(Provided records)
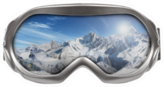 Ski Goggles With Reflection Of Mountains Sticker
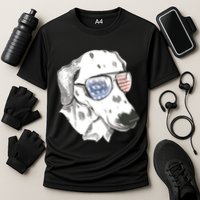 Independence Day Dalmatian Dog Cooling Performance Crew T-Shirt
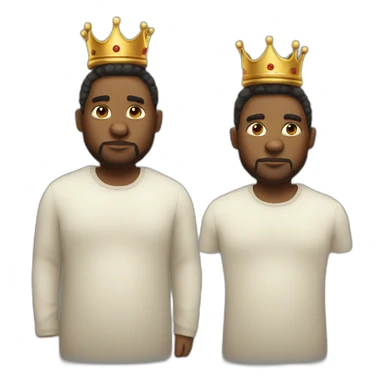 Calm black chubby king with crown and without facial hair sticker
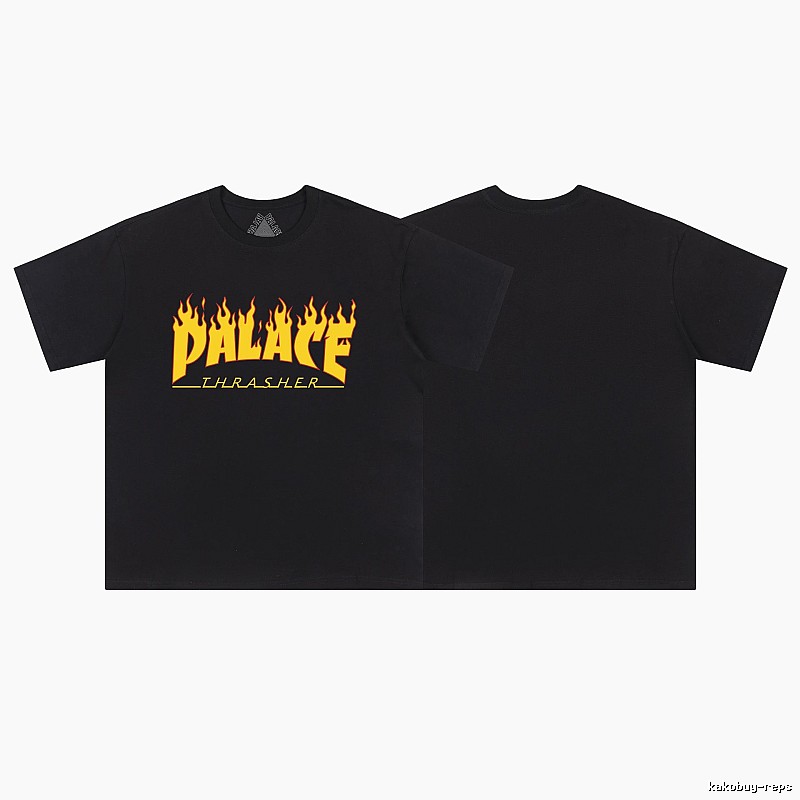 Palace Collaboration Flame Street Style Black T-Shirt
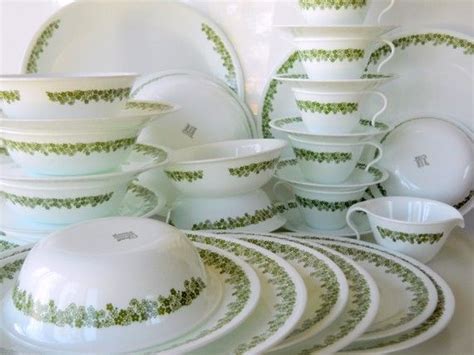 Sale Vintage Corelle Spring Blossom Green Eight Piece Place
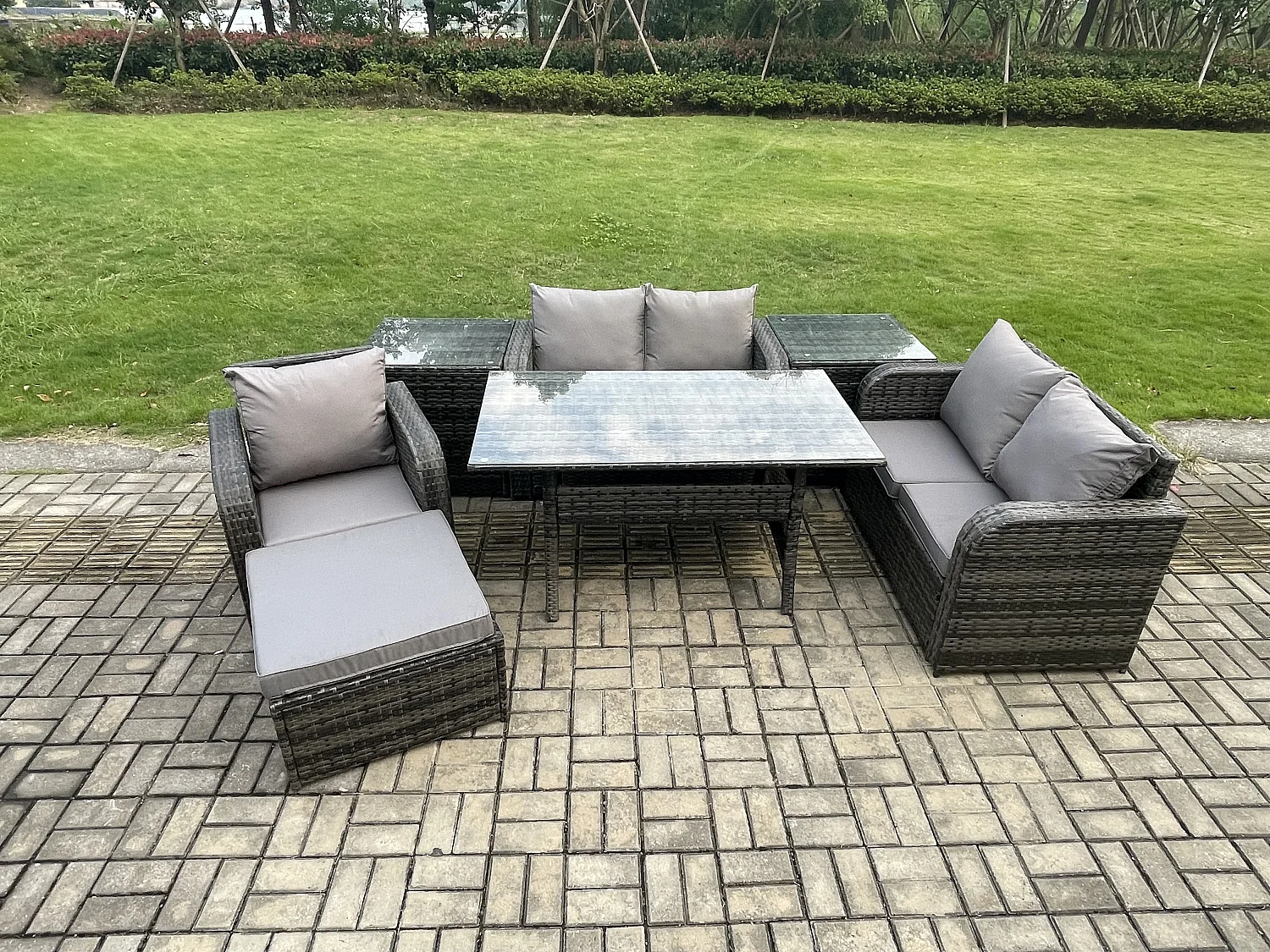 Fimous Lounge Rattan Sofa Set Outdoor Garden Furniture Oblong Rectangular Dining Table With Chairs 2 Side Tables Big Footstool Dark Grey Mixed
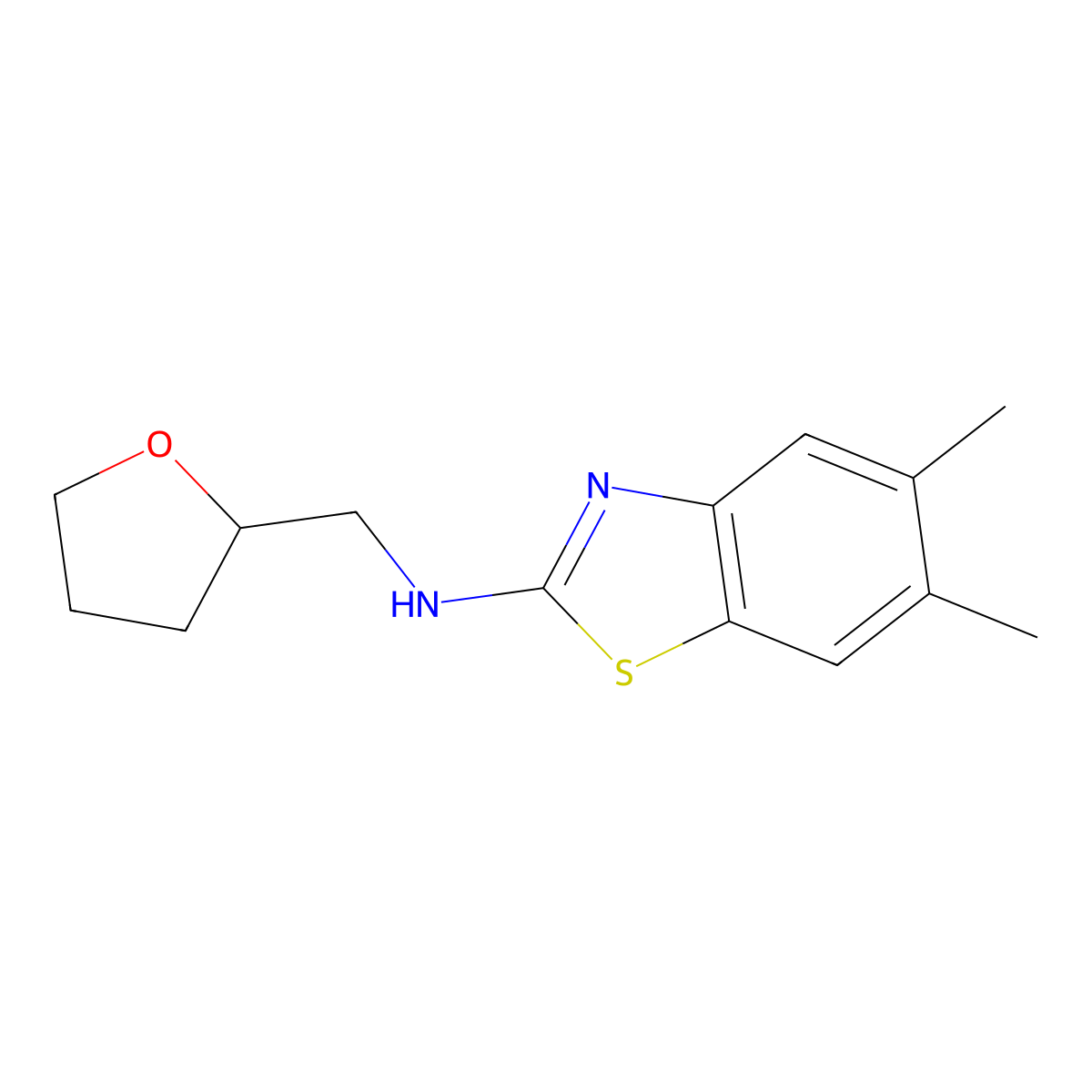 5,6-dimethyl-N-((tetrahydrofuran-2-yl)methyl)benzo[d]thiazol-2-amine molecular structure, CAS 1219913-16-2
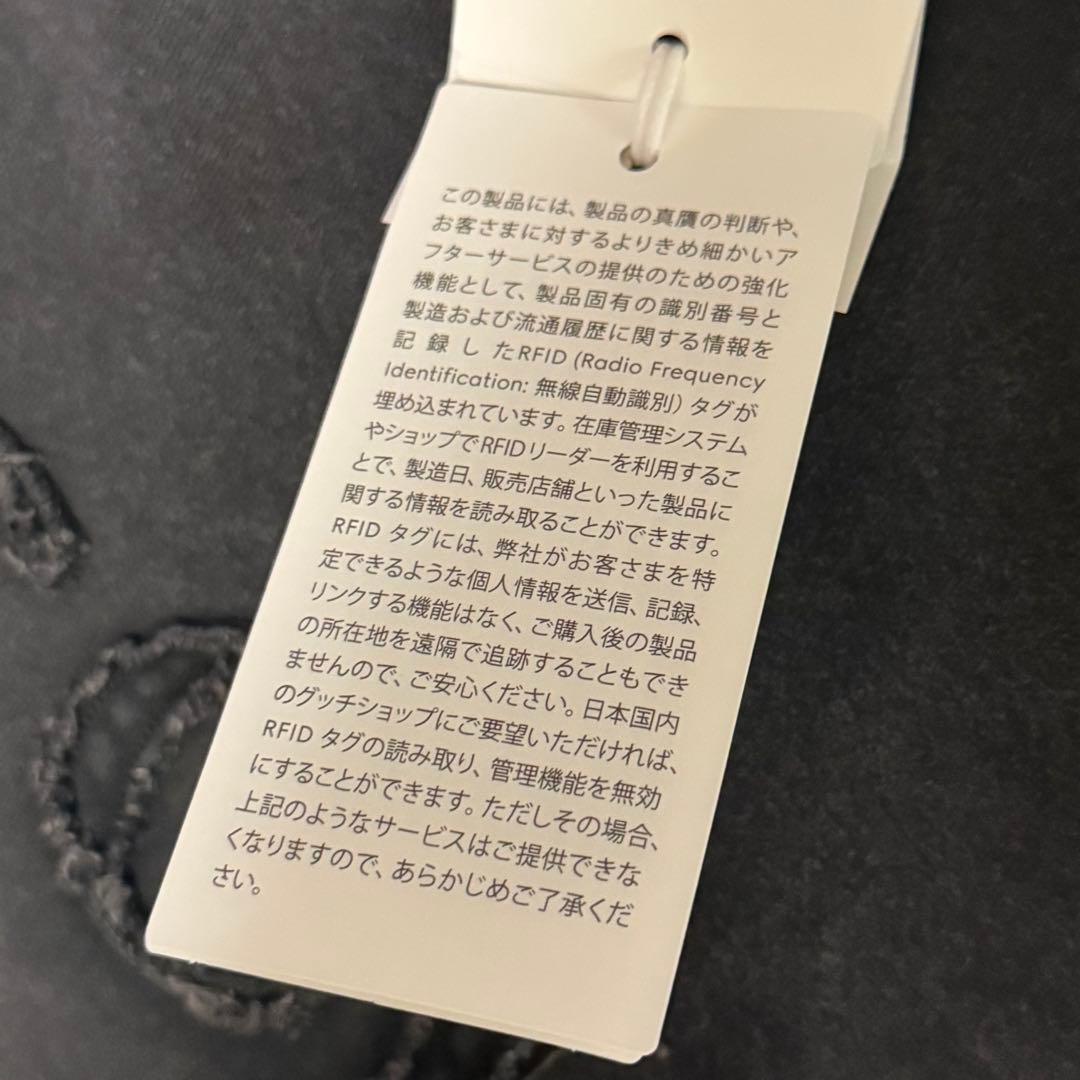 GUCCI グレー ロゴ刺繍 クルーネックトレーナー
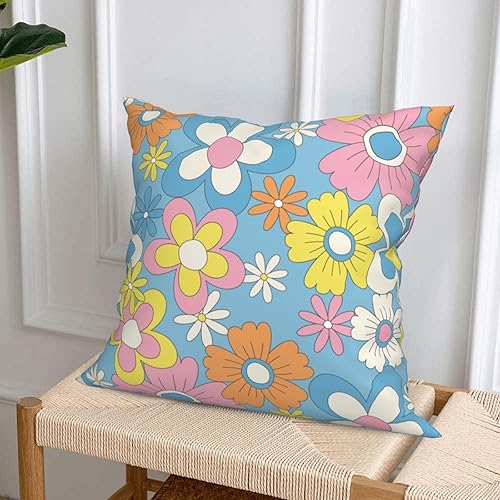 Miniatura 5 de Juego de 4 fundas de almohada florales estilo bohemio hippie de 18 x 18 pulgadas, juego de 4 fundas de cojín coloridas con margaritas bohemias para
(End Provided records)
_Task statement:_ Nothing but the lines from the one with "Independence Day Dalmatian" to the one with "GUCCI グレー ロゴ刺繍 クルーネックトレーナー" above, both included, should be transcribed, exactly and without pictures.

_Reply to the exercise:_
 Independence Day Dalmatian Dog Cooling Performance Crew T-Shirt
 Calm black chubby king with crown and without facial hair sticker
 Palace Collaboration Flame Street Style Black T-Shirt
 Sale Vintage Corelle Spring Blossom Green Eight Piece Place
 Fimous Lounge Rattan Sofa Set Outdoor Garden Furniture Oblong Rectangular Dining Table With Chairs 2 Side Tables Big Footstool Dark Grey Mixed
 5,6-dimethyl-N-((tetrahydrofuran-2-yl)methyl)benzo[d]thiazol-2-amine molecular structure, CAS 1219913-16-2
 GUCCI グレー ロゴ刺繍 クルーネックトレーナー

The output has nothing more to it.